My mentor always tells me that he respects me. You know when someone gives you a compliment, and it feels really weird? That’s how I feel when he says it. Respect is something that has always been strange to me. I feel like I can only be respected based on my current track record.
I feel like once I hit a speed bump in my life, I have to earn respect all over again. Why does my mentor say he respects me? It’s kind of hard to pinpoint. It’s a bit like saying why do I love a certain someone the way I do. I don’t know, it’s kind of a “woo woo” feeling you get that makes no sense.

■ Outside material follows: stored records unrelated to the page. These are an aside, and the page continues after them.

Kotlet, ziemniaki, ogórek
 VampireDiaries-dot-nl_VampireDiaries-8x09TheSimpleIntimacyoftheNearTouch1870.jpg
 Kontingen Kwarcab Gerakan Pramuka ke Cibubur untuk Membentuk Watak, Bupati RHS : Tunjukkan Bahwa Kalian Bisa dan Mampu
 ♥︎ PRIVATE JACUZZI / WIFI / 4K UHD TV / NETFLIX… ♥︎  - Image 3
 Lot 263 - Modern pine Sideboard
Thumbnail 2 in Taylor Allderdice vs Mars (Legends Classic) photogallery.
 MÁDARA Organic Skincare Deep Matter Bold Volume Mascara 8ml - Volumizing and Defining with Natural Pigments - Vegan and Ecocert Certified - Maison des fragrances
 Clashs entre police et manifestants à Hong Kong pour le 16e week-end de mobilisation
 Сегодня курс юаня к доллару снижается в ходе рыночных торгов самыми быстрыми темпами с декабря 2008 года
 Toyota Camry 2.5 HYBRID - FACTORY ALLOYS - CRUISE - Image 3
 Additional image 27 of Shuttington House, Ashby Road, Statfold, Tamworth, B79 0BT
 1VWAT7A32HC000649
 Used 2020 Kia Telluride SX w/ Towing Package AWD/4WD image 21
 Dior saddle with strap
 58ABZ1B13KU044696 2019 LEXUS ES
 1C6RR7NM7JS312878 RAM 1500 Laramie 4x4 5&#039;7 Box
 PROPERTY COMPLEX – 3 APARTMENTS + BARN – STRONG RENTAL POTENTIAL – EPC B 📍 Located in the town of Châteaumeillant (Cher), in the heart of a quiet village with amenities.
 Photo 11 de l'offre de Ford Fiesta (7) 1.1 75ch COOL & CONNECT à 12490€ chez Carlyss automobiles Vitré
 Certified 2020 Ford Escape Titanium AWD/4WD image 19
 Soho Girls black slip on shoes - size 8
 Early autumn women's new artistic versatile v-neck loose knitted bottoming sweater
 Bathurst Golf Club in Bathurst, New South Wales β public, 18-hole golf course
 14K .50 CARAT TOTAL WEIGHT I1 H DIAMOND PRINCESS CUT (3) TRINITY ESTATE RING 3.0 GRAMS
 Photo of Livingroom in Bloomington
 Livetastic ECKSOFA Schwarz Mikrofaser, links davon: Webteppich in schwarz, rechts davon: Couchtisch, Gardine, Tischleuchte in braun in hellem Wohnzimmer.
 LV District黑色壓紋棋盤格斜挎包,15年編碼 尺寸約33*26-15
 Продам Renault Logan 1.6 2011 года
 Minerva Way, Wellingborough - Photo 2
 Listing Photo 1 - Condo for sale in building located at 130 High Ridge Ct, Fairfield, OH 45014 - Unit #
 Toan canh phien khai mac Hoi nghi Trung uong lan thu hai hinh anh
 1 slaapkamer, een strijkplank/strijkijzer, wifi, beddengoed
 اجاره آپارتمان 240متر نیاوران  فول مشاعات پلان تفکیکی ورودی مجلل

Being respectful is about living in a way where you have attractive values that others appreciate. Having values is one thing, but what people who are respected do is live them. I have made several new values in the last couple of years. They include:
– Treat your body like a temple
– Acknowledge and comprehend someone’s opinion even if it’s different to yours
– Give more of yourself than anybody else
– Put people above everything else
Without respect, you feel like a big piece of your soul is missing. Respect gives you something that so few people have: it gives you people’s trust. When people respect you, they give you a break and create a sense of freedom in your life. In a work environment, this is like saying, “Do what you love, whenever you want, and we’ll support you.”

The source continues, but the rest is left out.